2022年、アンファーのロングセラー商品「スカルプD薬用スカルプシャンプー」が14回目のリニューアルを行いました。前回の記事では、リニューアルの大きなポイントである、「詰め替え」ではなく「付け替え」が実現していく過程を紹介しました。最終回となる今回は、リニューアル完成後、それをどのように市場に浸透させ、どんな反応があったのか、そして今後のスカルプDの目指す方向についてお伝えします。
この記事の目次
従来の方法だけでは不十分?「付け替え」の新しさをどう伝えるかが課題
リニューアルしたスカルプDを発売するにあたって、「詰め替え」ではなく「付け替え」ということを効果的に伝えるにはどうしたら良いかが課題となりました。
商品リニューアルでは、通常、商品LPを制作して訴求しています。今回のリニューアルで大きく変化した「付け替え」を十分に表現するには、静止画だけではお客様に伝えきれないと考えました。そこで、付け替えの良さを最大限伝えるために、より立体的に動きがある状態で商品を見せることのできる動画を制作することにしたのです。
動画制作と合わせて、さまざまな媒体に出稿して、商品の新パッケージがなるべく多くの人の目に触れる状態を作りました。
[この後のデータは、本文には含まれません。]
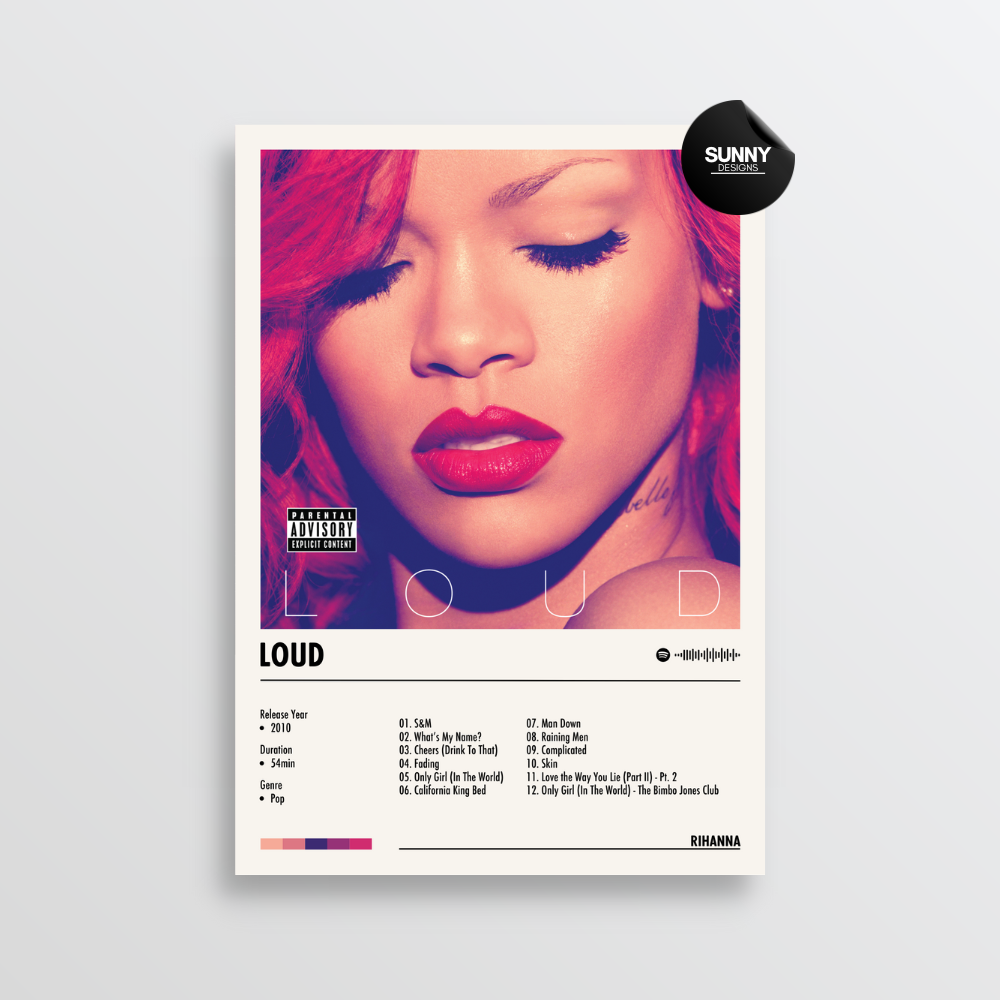 Rihanna Loud merch custom album cover poster music poster personalized gifts poster mockup poster template album posters for wall Sunny Designs Poster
また、化粧品やヘアケアに強いインフルエンサーさんにも発信してもらいました。その際、単なる商品の機能紹介ではなく、付け替えに変わったことで感じる良さにフォーカスした発信をしてもらえるよう、依頼しています。
付け替えによりゴミを削減できるという面もあるので、SDGsやそういったライフスタイルに取り組んでいるインフルエンサーさんにもご協力いただき、宣伝をしていきました。商品の機能や効果だけでなく、環境や社会への配慮も想起するよう意識した点は、これまでと違うところです。
また、Webだけでなく店頭でも、「詰め替え」ではなく「付け替え」という新しさが伝わるように工夫しています。ポップや什器にこだわり、サイネージを設置できる店舗では動画を流しました。
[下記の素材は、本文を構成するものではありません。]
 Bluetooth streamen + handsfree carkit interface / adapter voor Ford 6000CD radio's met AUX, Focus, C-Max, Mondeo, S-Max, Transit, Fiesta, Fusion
これまでのリニューアルでは、商品の機能面を訴求することがほとんどで、今回のように商品パッケージを最優先に訴求するのははじめてのことです。他社製品でも、ここまで商品パッケージを訴求することはなかなかないのではないでしょうか。
これまで通りのやり方ではリニューアルの良さが伝わらないだろうと考えていたので、とにかく新しさを感じとってもらえるように注力しています。
期待とは違ったが、スカルプDというブランドと商品の強さを再確認できる結果に
スカルプDは、髪や頭皮の悩みがある人が使うものというイメージが強いブランドです。当初は、そのイメージが、新パッケージを訴求することで変わるかもしれないと考えていました。特に、スカルプDを使ったことがない一般のお客様に、「使っても恥ずかしくない」「使うのが嫌じゃない」というイメージの変化があれば良いなという期待があったのです。
しかし、結果として、そこまで大きなブランドイメージの変化は見られませんでした。
スカルプDを買ってくださる方は、ヘアケア商品を選ぶ優先順位として、まず「自分の悩みを解決できるか?」があります。次に「続けやすいか」、そして最後にパッケージの選択になります。つまり、パッケージのデザインは、スカルプDの顧客にとっては優先度が低い要素となっています。
そういう方々にはやはり、まずは機能性を伝えた上で、付け替えが出たことにより、これまで不便だった点も解消できるという順番でお伝えしたほうが効果的なようです。どのような形であってもスカルプDはスカルプDであり、髪や頭皮の悩みを解決してくれるものという強いブランドイメージや商品力があることを確認できたのは、良かった点です。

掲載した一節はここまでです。